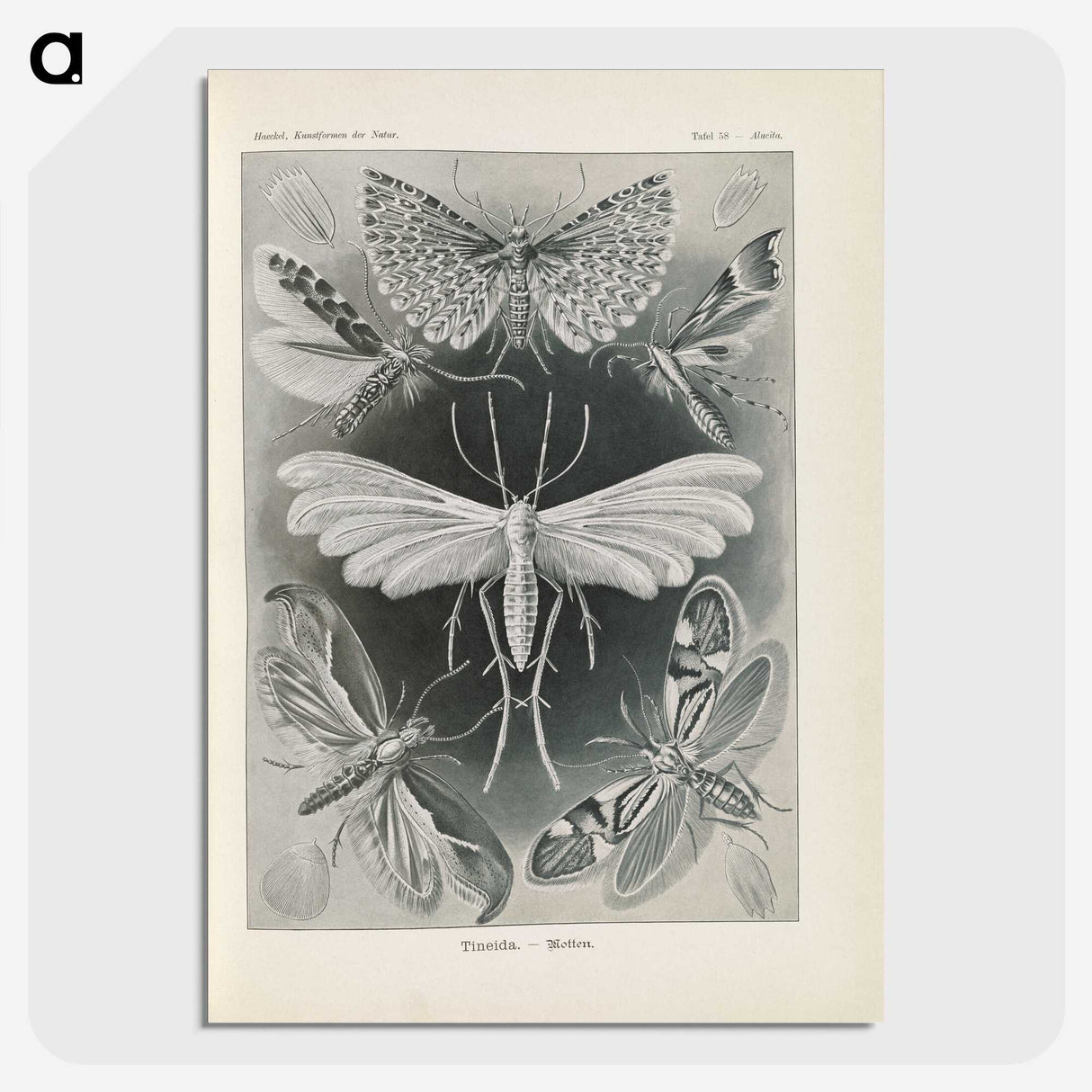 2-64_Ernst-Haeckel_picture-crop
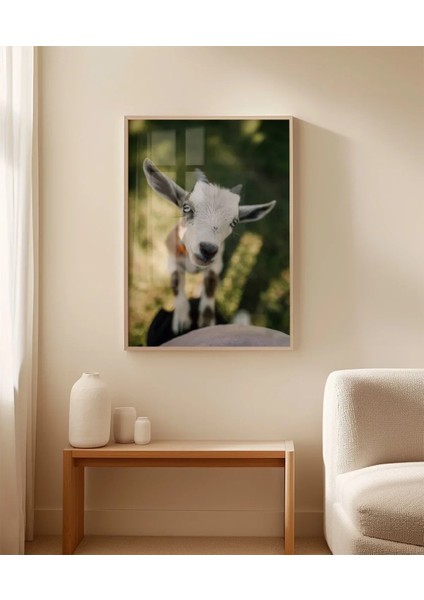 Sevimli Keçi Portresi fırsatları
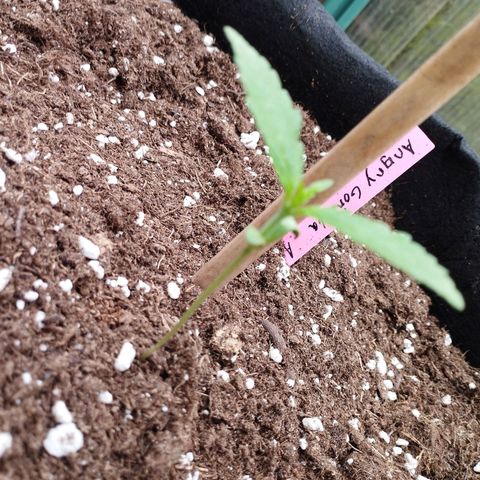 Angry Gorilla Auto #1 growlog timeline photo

▶ EXERCISE AIM:
Give again exactly the lines from the one that contains "Sevimli Keçi Portresi fırsatları" through the end of the material, both ends included, omitting the pictures.

▶ EXERCISE ANSWER:
 Sevimli Keçi Portresi fırsatları
 Angry Gorilla Auto #1 growlog timeline photo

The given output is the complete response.